**Your objective**. Below is a listing. Quote from it, exactly, the lines from the one containing "Low-carb food presentation" down to the one containing "Künstler AK Postkarte", both ends included, and nothing else.

**Input data**.
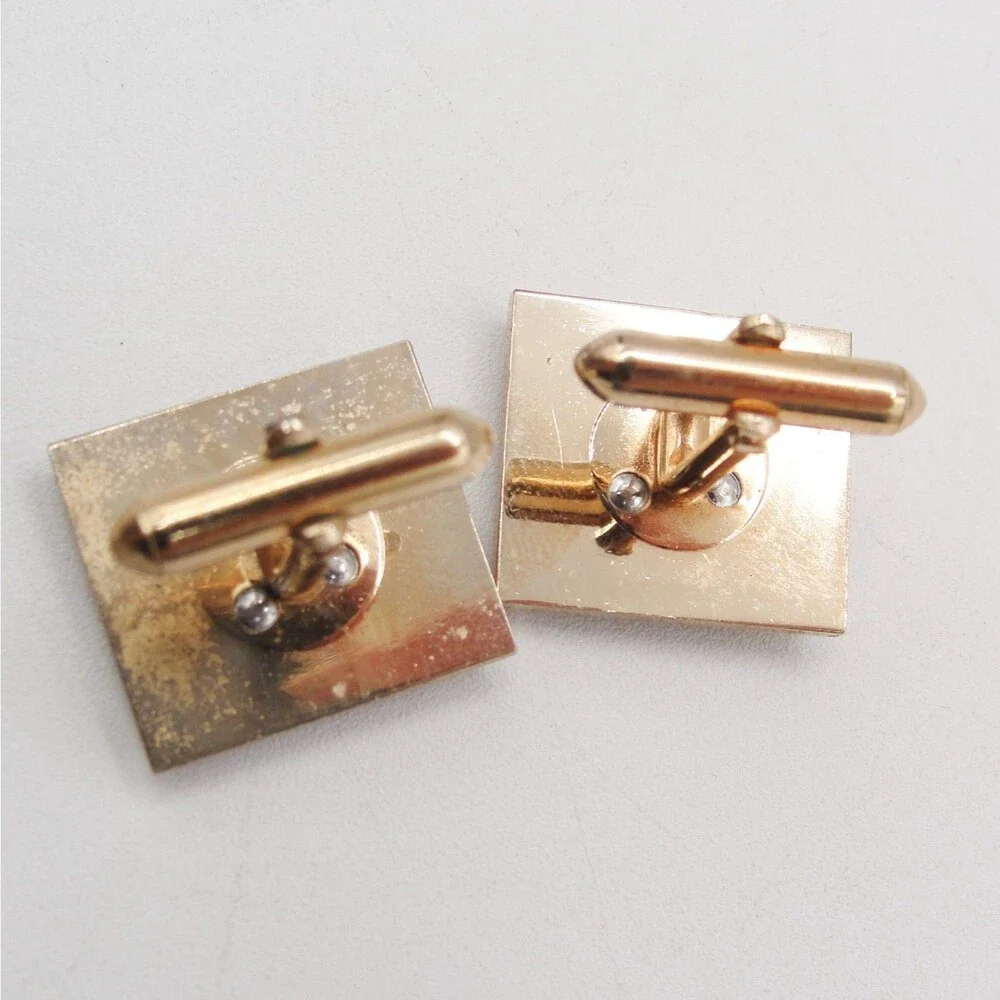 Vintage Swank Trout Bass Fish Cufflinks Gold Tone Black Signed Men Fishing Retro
* * *
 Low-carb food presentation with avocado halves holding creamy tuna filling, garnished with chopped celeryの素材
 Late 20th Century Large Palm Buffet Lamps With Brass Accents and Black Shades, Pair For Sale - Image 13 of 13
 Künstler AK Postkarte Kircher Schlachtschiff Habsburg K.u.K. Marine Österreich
...
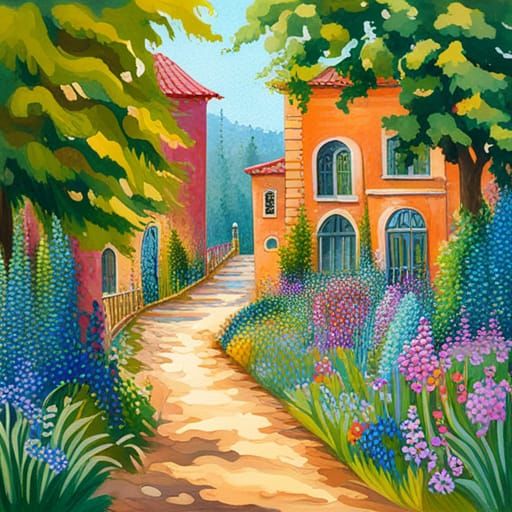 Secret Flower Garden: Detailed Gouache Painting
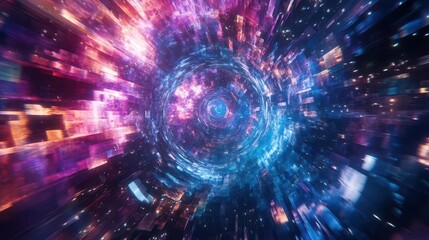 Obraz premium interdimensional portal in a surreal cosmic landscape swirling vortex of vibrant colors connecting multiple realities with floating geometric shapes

**Task result**.
 Low-carb food presentation with avocado halves holding creamy tuna filling, garnished with chopped celeryの素材
 Late 20th Century Large Palm Buffet Lamps With Brass Accents and Black Shades, Pair For Sale - Image 13 of 13
 Künstler AK Postkarte Kircher Schlachtschiff Habsburg K.u.K. Marine Österreich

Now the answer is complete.